* **Exercise details**:
What the answer must hold is the line containing "ook bent! ✨" and all lines after it through the end of the listing, copied exactly, with pictures left out.

* **Information shown**:
=======

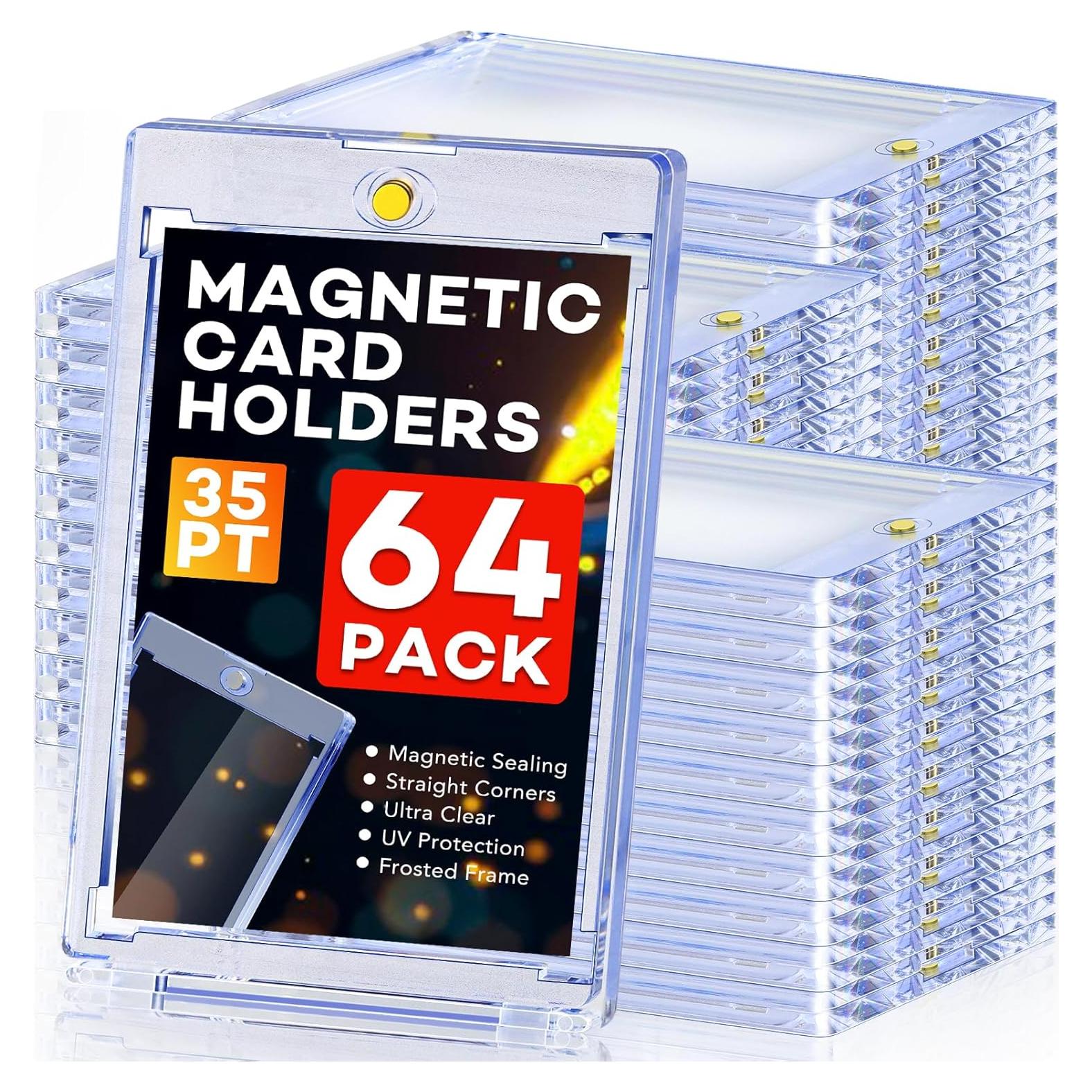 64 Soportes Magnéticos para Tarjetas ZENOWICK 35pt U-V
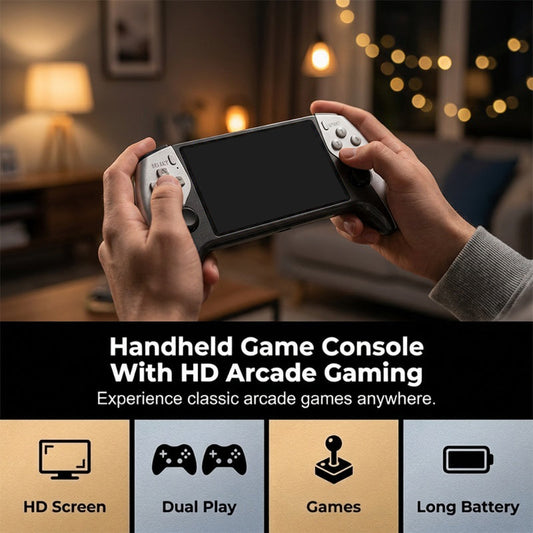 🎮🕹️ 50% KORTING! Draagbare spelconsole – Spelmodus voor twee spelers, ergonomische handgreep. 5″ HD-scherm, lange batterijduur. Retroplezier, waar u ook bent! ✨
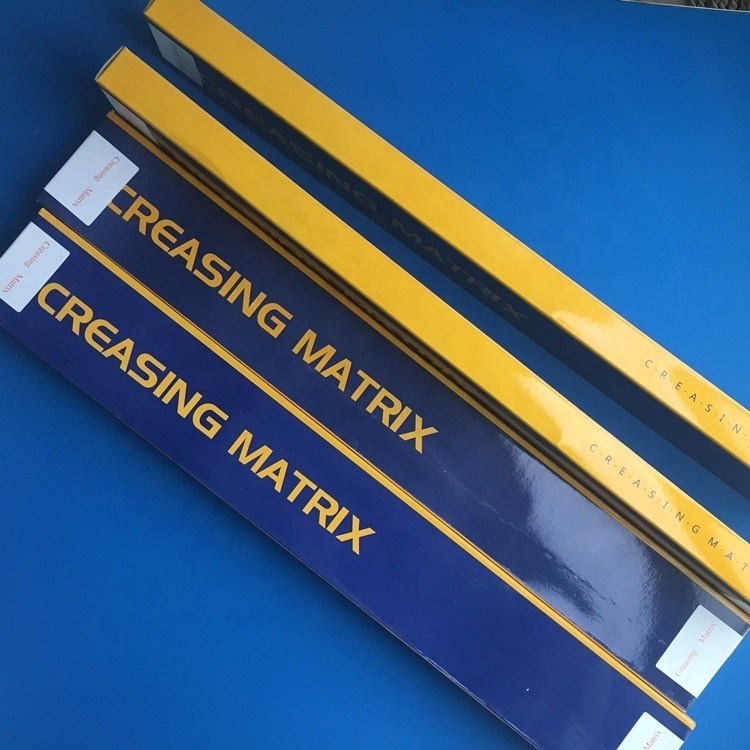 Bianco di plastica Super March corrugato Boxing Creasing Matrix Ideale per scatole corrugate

=======

* **Answer box**:
 🎮🕹️ 50% KORTING! Draagbare spelconsole – Spelmodus voor twee spelers, ergonomische handgreep. 5″ HD-scherm, lange batterijduur. Retroplezier, waar u ook bent! ✨
 Bianco di plastica Super March corrugato Boxing Creasing Matrix Ideale per scatole corrugate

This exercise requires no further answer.